Brief descriptive captions
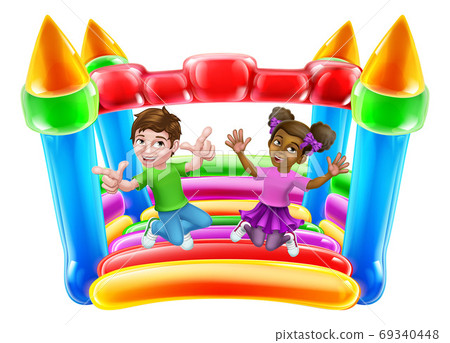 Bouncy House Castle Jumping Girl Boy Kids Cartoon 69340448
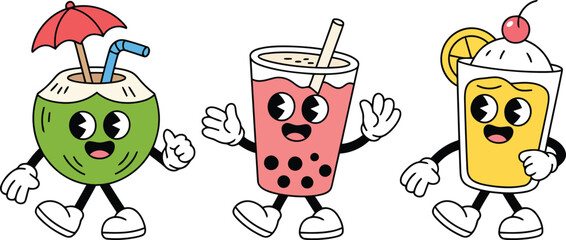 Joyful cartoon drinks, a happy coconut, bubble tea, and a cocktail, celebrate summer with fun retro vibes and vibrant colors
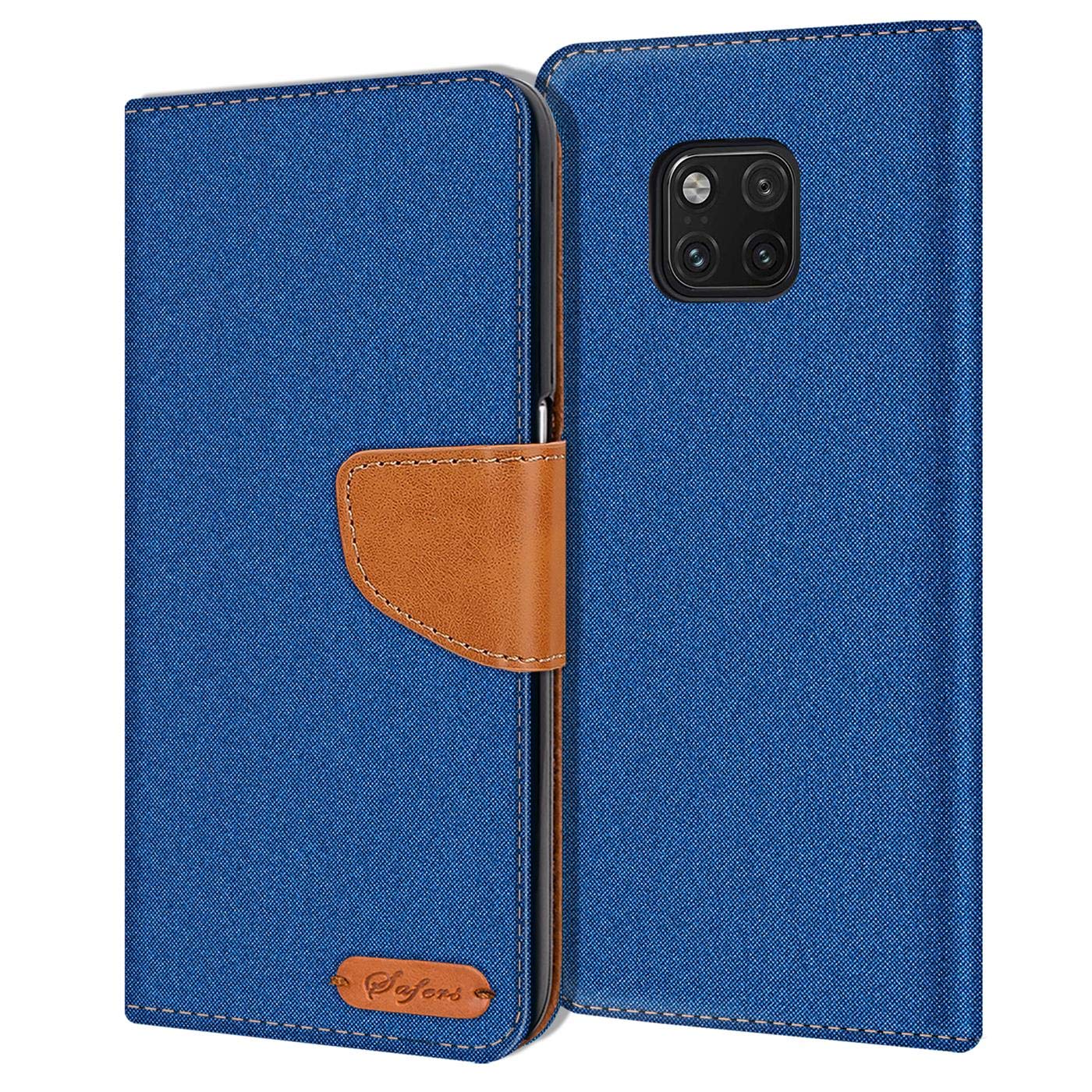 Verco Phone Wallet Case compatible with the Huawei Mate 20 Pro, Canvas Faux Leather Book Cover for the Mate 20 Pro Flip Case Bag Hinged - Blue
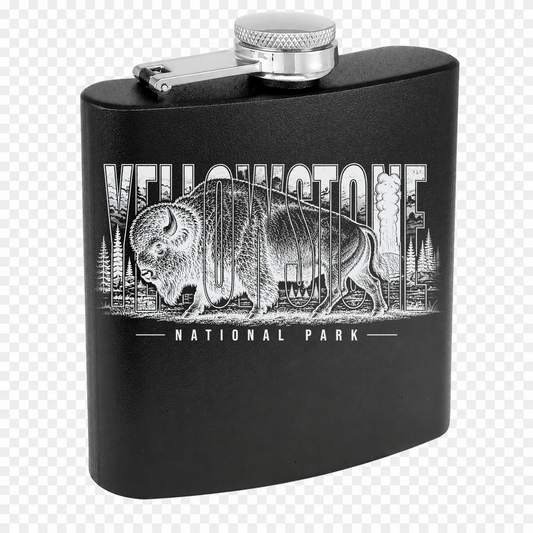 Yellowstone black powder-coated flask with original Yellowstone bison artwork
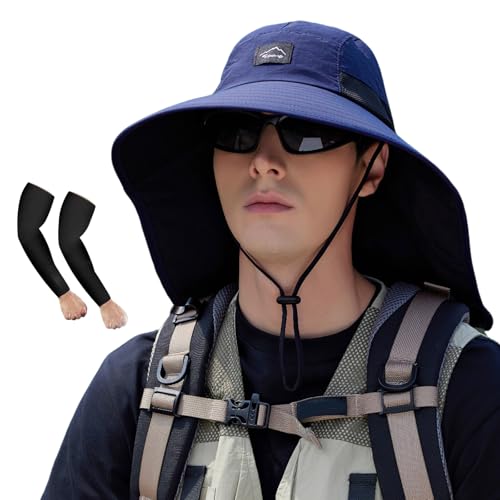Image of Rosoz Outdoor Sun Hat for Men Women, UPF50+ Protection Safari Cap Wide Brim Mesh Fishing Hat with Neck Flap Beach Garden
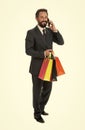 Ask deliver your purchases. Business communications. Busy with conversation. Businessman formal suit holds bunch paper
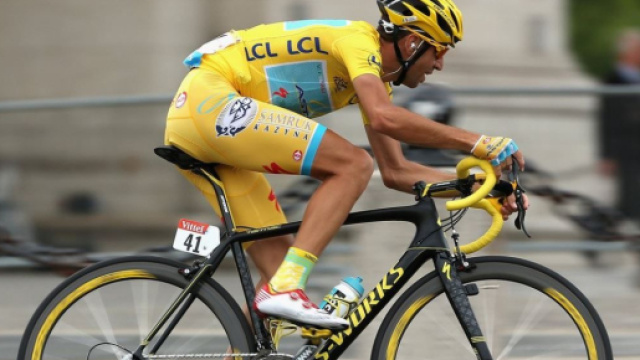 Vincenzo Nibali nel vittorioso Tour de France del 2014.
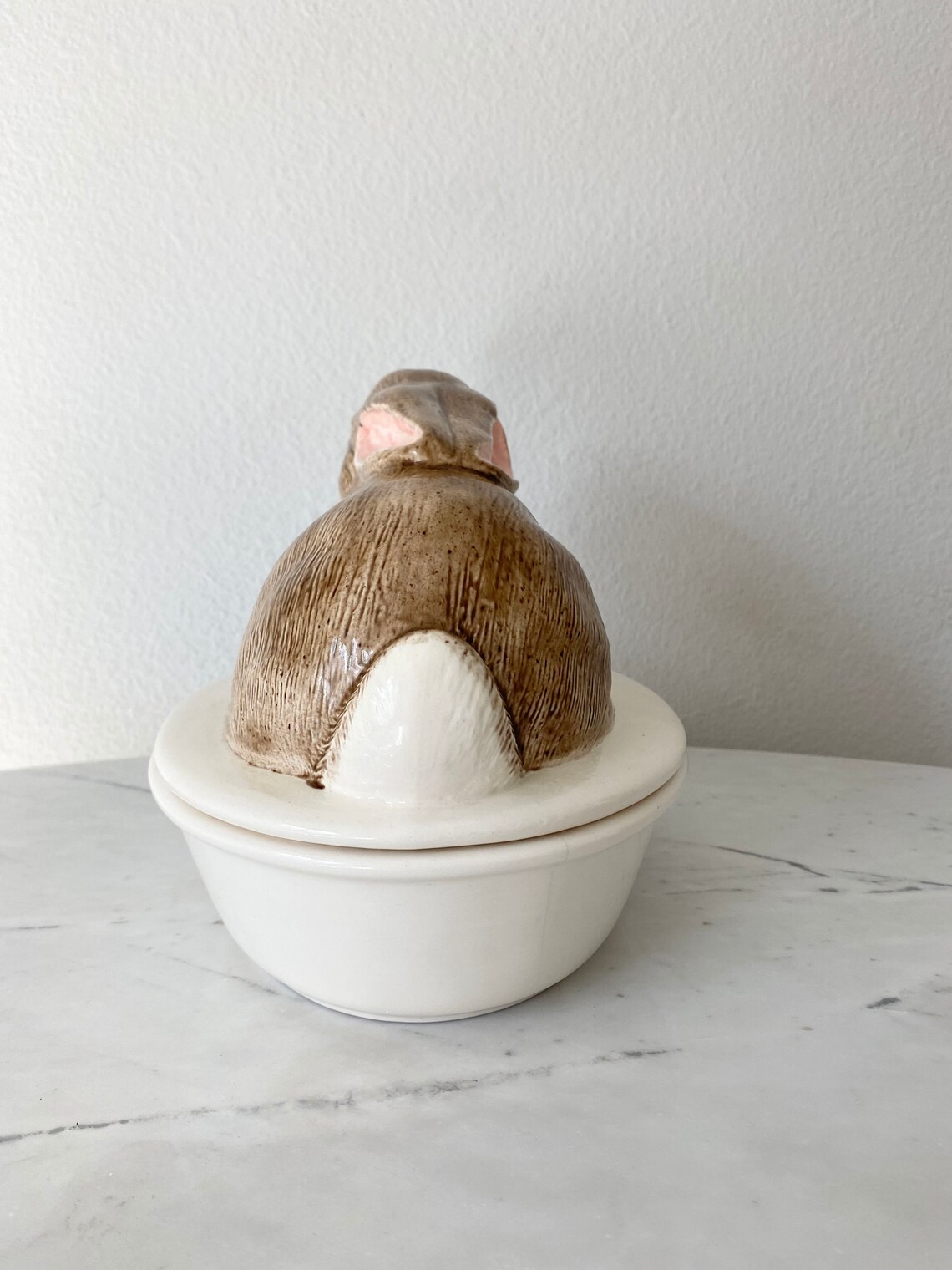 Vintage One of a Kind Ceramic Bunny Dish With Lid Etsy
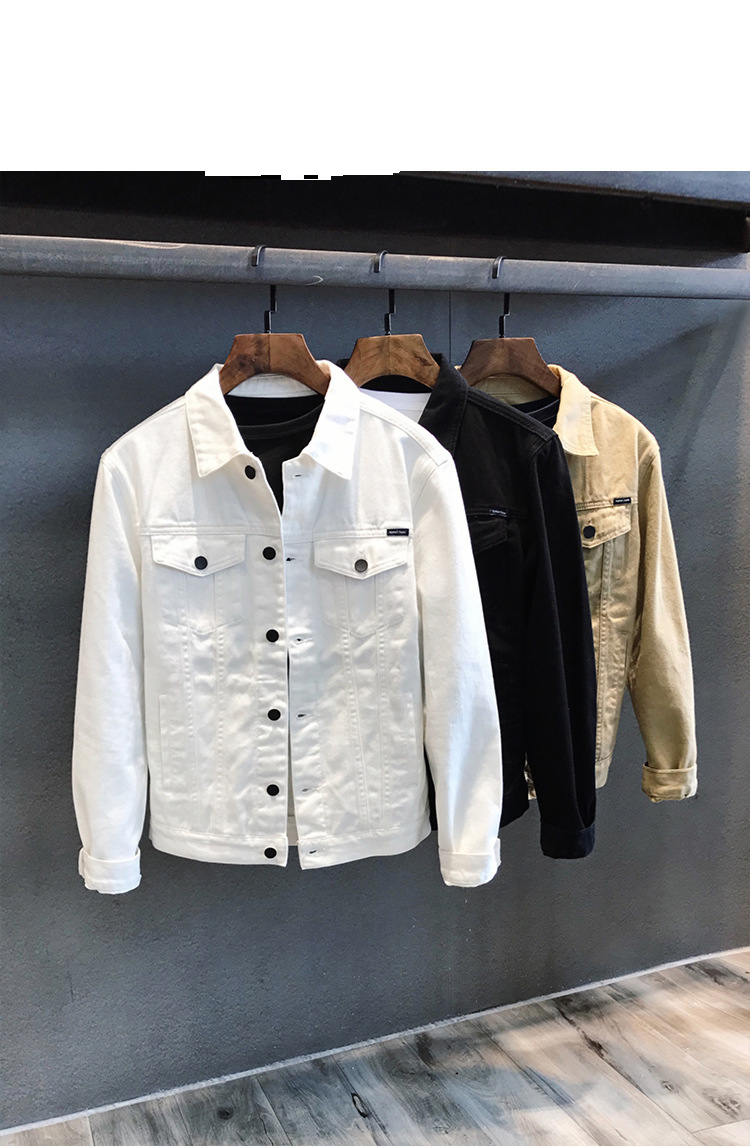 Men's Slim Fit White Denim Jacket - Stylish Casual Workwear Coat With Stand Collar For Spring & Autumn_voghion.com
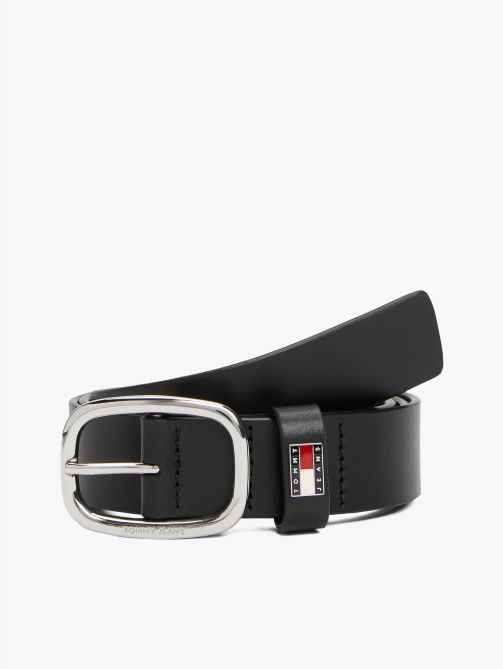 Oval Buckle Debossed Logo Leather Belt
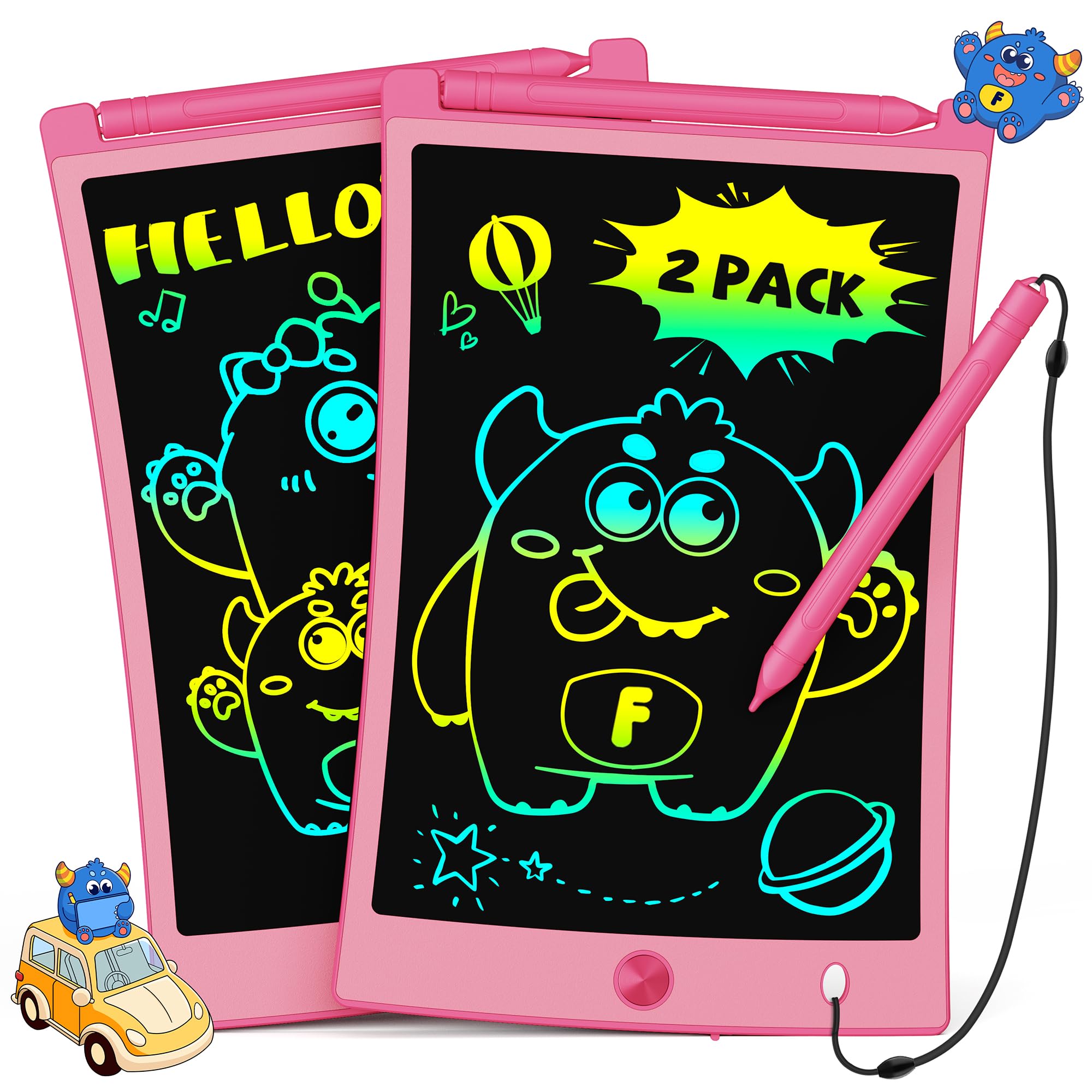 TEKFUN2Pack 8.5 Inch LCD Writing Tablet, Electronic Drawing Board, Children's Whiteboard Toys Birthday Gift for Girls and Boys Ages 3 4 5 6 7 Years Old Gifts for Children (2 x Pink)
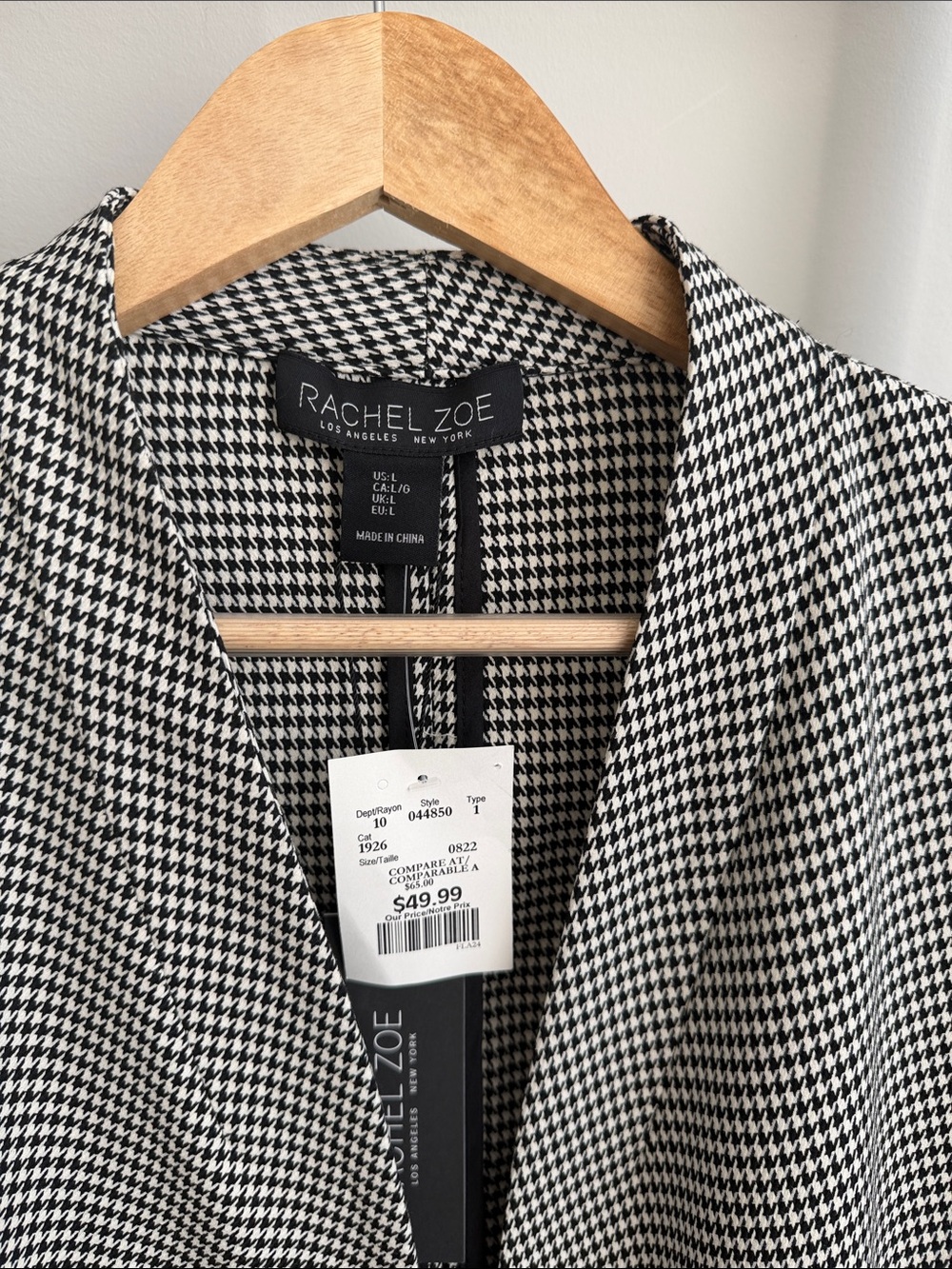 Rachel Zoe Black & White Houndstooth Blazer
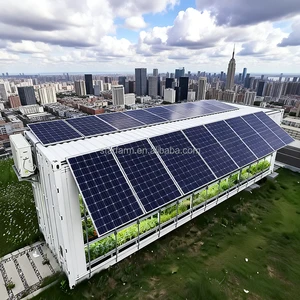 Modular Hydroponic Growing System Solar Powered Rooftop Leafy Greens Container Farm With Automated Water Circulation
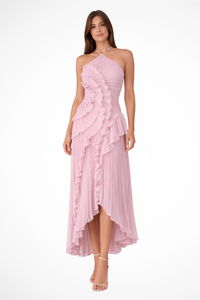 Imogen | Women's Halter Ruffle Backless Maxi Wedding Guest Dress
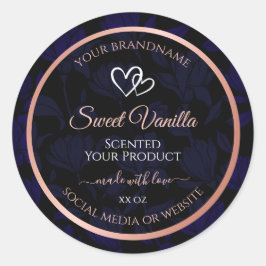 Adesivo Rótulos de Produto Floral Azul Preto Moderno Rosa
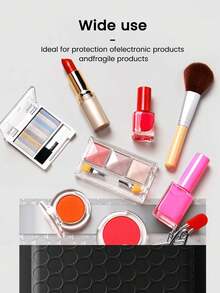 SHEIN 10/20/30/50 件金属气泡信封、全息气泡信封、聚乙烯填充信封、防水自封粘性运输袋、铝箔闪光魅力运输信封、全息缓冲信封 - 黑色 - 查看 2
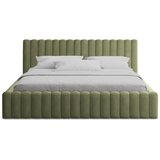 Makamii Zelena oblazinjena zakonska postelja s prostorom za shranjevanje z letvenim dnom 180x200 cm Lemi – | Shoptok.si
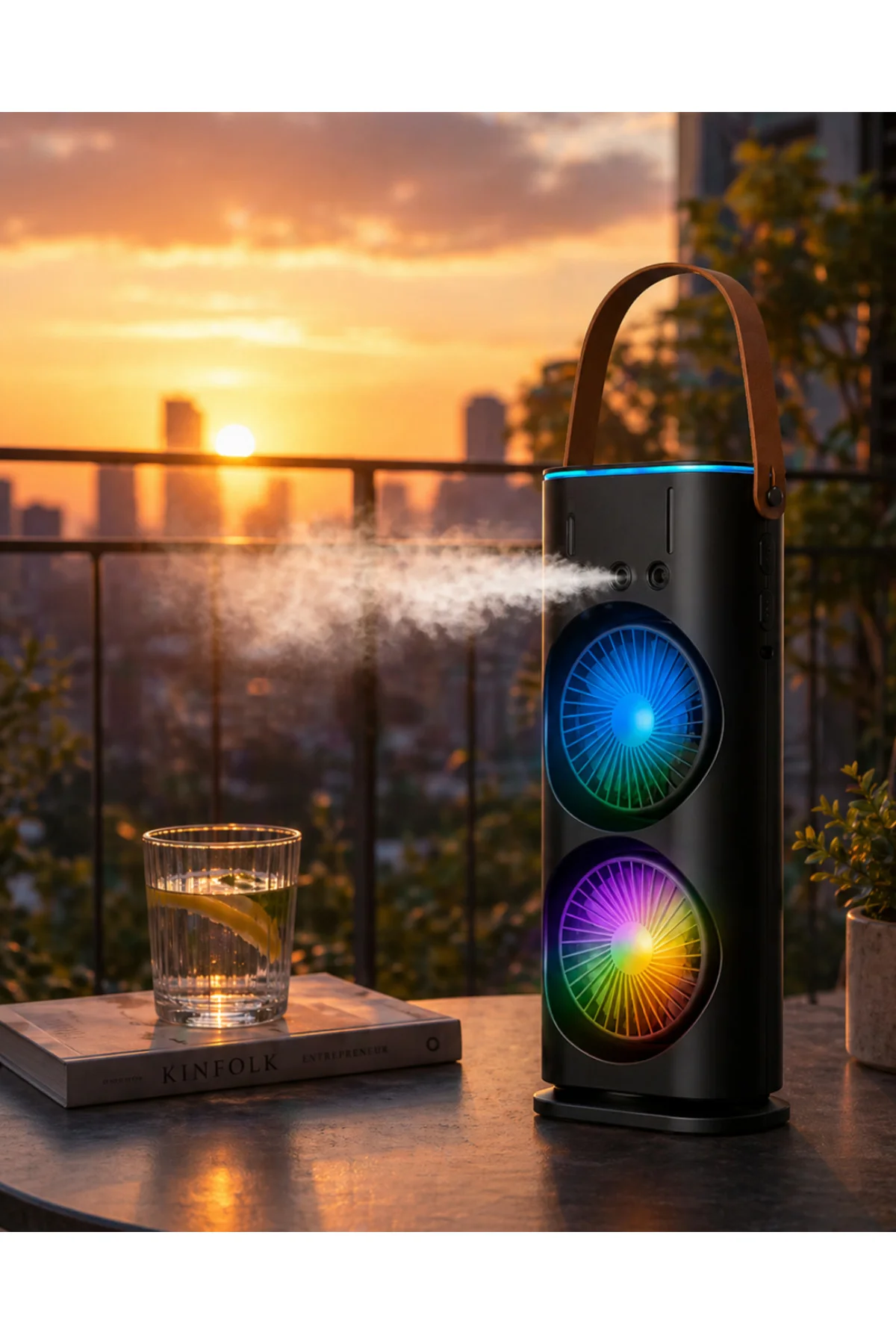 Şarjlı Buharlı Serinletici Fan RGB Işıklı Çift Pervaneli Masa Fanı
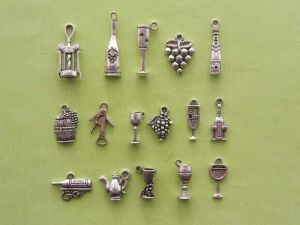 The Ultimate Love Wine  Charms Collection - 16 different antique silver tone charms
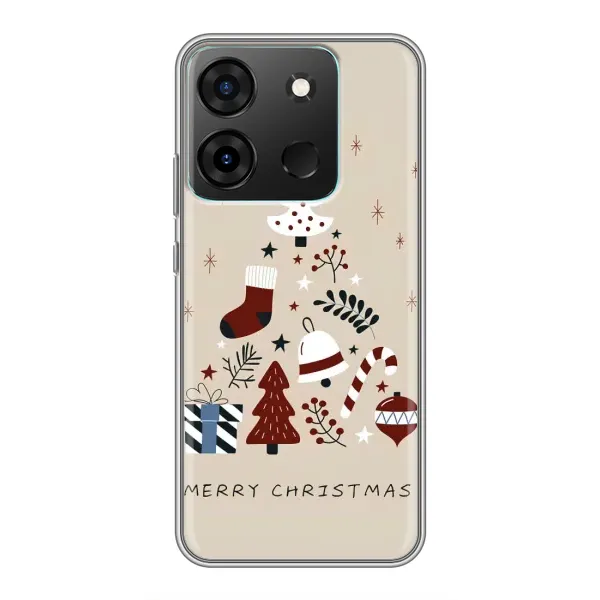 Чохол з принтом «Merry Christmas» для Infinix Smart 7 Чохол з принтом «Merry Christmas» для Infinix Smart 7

• _TASK PROMPT_:
From the records above, write out exactly the lines that begin at the line with "Vincenzo Nibali nel" and end at the line with "Men's Slim Fit". Pictures must not appear in the output.

• _EXPECTED ANSWER_:
 Vincenzo Nibali nel vittorioso Tour de France del 2014.
 Vintage One of a Kind Ceramic Bunny Dish With Lid Etsy
 Men's Slim Fit White Denim Jacket - Stylish Casual Workwear Coat With Stand Collar For Spring & Autumn_voghion.com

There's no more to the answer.